Alberto Zum Felde y Emir Rodríguez Monegal -a quienes se consideró los críticos más prestigiosos de la época- no comprendieron o rechazaron la producción artística de FH. Estos críticos emplearon sistemáticamente razonamientos analógicos [2] para comparar su obra con los modelos estéticos europeos canonizados [3] pero no investigaron con detenimiento si la obra de FH proponía un modo de existencia diferente o no coincidente con estos modelos.

 

2. El recurso a las categorías psicoanalíticas

En la segunda edición de Proceso intelectual del Uruguay (1941), Zum Felde no registra el nombre de Felisberto Hernández, “quien por entonces ya había publicado cuatro libros y no era precisamente ajeno al mundo intelectual”. (Rivera, 1996:43). Cuando lo incluye en la tercera edición, Zum Felde aplica categorías psicoanalíticas para interpretar la “conducta” de personajes ficticios. Destaca que “El predominio de los complejos sexuales es característico en esa psicología mórbida de sus personajes, a los que el autor envuelve en la fantasía de sus circunstancias.

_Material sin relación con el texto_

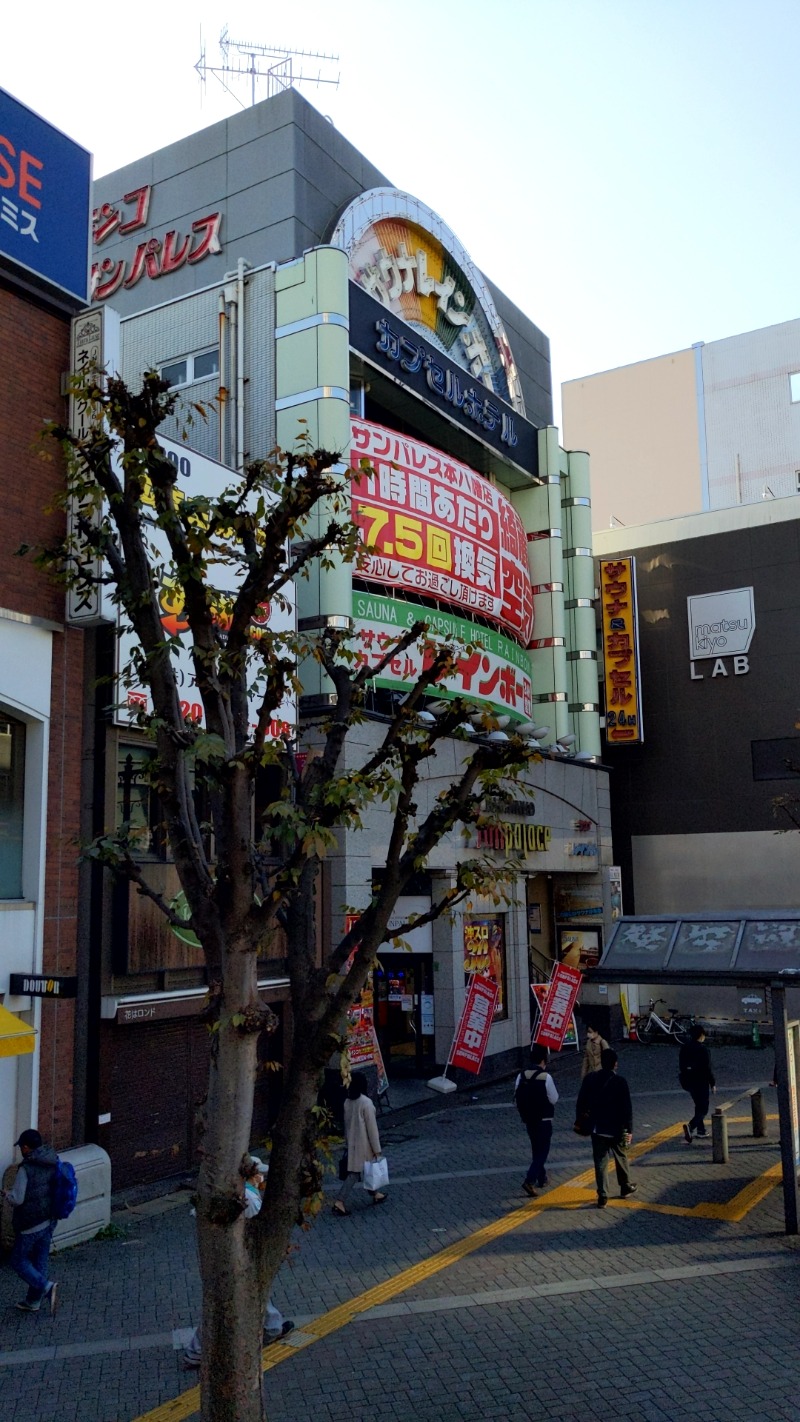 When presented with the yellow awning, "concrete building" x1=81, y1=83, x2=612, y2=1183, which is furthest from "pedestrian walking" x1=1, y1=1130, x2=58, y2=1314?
"concrete building" x1=81, y1=83, x2=612, y2=1183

Casi todos experimentan psicosis relacionadas con la libido”. (Zum Felde, 1967: 202-203) [4].

Realizando una valoración más negativa aún, la crítica de Rodríguez Monegal identifica a FH (autor) con el personaje ficticio. Manifiesta:

Porque ese niño no maduró más. No maduró para la vida ni para el pensamiento, no maduró para el arte ni para lo sexual. No maduró para el habla. Es cierto que es precoz y puede tocar con sus palabras (después que los ojos vieron o la mano palpó), la forma instantánea de las cosas. (Alguien afirmará que esto es poesía). Pero no puede organizar sus experiencias, ni la comunicación de las mismas; no puede regular la fluencia de la palabra. (Rodríguez Monegal en Paolini 2005).

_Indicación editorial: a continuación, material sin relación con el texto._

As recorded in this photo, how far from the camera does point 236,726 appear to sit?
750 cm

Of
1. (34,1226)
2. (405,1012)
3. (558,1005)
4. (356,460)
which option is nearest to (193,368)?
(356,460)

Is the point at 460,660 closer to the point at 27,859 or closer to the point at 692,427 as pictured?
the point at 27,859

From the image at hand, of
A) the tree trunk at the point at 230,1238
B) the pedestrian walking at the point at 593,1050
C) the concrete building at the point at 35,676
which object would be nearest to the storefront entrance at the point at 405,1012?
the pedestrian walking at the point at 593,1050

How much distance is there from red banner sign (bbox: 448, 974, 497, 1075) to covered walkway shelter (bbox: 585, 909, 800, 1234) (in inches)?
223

Esta proyección de categorías psicoanalíticas a los personajes y a la persona de FH, no constituye un aporte teórico relevante porque opera en detrimento de la autonomía de la producción literaria. A propósito de la crítica de Rodríguez Monegal, la poetisa, María Inés Silva Vila en su libro Cuarenta y cinco por uno, recuerda sus encuentros con Hernández, y

la manera casi despavorida que tenía de comentar las cosas, sobre todo los artículos de Emir Rodríguez, a partir de una mentada crítica que le hizo. Emir… con Felisberto se equivocó [...] Por lo que recuerdo, más que hacer una crítica de su obra, intentó sicoanalizarlo y se lo perdió. Las manos cortitas de Felisberto se aturullaban más que nunca al hablar del episodio. (Silva Vila, 1993 en Paolini, 2005). (Resaltado nuestro).

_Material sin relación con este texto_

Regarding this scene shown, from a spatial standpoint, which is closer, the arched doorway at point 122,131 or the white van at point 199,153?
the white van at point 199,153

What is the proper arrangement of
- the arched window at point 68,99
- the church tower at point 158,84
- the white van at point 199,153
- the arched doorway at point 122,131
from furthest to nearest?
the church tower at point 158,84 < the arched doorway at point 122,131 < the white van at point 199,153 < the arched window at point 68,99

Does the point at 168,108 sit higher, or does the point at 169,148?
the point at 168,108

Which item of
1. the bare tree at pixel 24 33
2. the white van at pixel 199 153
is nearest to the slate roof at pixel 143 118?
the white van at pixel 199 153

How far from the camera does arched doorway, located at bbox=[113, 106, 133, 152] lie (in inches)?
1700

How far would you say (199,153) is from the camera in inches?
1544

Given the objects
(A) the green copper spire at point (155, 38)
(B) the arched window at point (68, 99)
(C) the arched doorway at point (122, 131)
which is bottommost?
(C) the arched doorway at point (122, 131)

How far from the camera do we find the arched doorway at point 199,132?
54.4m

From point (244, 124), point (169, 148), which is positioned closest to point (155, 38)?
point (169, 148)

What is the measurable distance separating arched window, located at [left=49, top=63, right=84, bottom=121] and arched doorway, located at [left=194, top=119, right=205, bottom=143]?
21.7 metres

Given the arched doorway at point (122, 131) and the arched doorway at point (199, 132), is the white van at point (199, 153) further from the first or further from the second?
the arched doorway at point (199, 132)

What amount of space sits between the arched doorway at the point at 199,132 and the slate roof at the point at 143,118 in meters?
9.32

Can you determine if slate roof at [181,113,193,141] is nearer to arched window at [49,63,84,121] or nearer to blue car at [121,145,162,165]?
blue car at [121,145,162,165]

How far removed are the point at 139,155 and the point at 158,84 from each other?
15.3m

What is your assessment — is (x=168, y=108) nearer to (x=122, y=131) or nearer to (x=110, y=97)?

Por los motivos que hemos señalado, aquellos críticos que interpretan elementos simbólicos codificados realizan una lectura empobrecedora y reduccionista porque ignoran numerosos elementos que posee el relato cuando sería más productivo, como sostiene Gustavo Lespada, articular en un diálogo intertextual los elementos simbólicos de la interpretación psicoanalítica con la dimensión irónica que adquieren los elementos simbólicos en la narrativa de FH. (Lespada, 2004).

 

3. Sobre la acusación de escribir sin saber escribir y sobre “la adulonería de la capillita”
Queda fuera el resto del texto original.